--- THE DATA ---
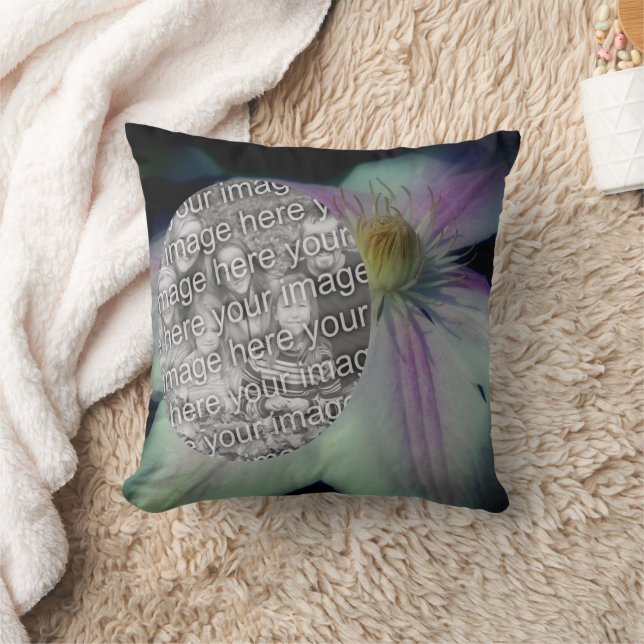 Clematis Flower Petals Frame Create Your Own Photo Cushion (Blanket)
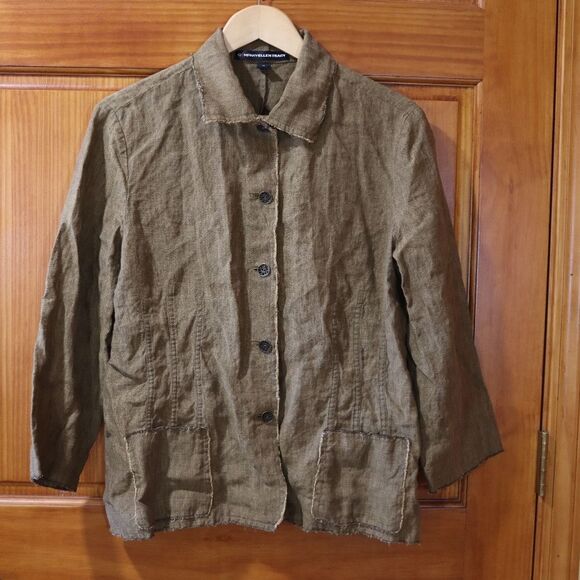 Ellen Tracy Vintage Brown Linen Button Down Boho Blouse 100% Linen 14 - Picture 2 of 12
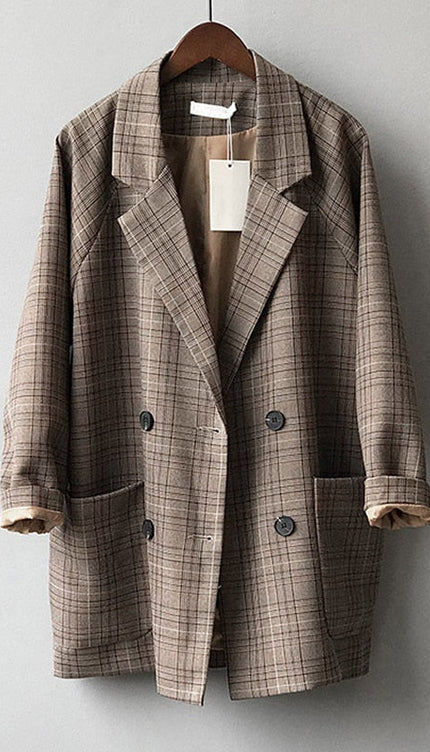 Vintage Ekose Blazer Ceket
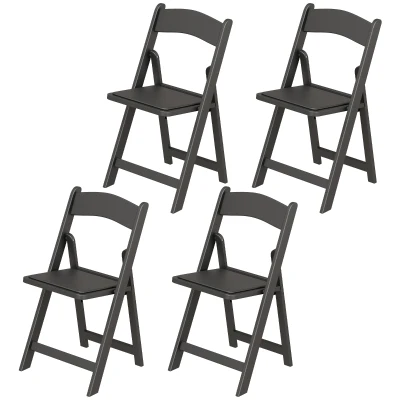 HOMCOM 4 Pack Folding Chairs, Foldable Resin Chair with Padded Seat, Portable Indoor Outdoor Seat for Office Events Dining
==
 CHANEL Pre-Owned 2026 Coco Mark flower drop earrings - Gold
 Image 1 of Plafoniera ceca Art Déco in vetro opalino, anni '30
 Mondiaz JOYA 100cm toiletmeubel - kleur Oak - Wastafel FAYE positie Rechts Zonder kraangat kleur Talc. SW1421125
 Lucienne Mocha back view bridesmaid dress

--- INSTRUCTIONS TO FOLLOW ---
Transcribe the lines above exactly, beginning at the one with "Clematis Flower Petals" and ending at the one with "HOMCOM 4 Pack". Include both; exclude the pictures.

--- REPLY ---
 Clematis Flower Petals Frame Create Your Own Photo Cushion (Blanket)
 Ellen Tracy Vintage Brown Linen Button Down Boho Blouse 100% Linen 14 - Picture 2 of 12
 Vintage Ekose Blazer Ceket
 HOMCOM 4 Pack Folding Chairs, Foldable Resin Chair with Padded Seat, Portable Indoor Outdoor Seat for Office Events Dining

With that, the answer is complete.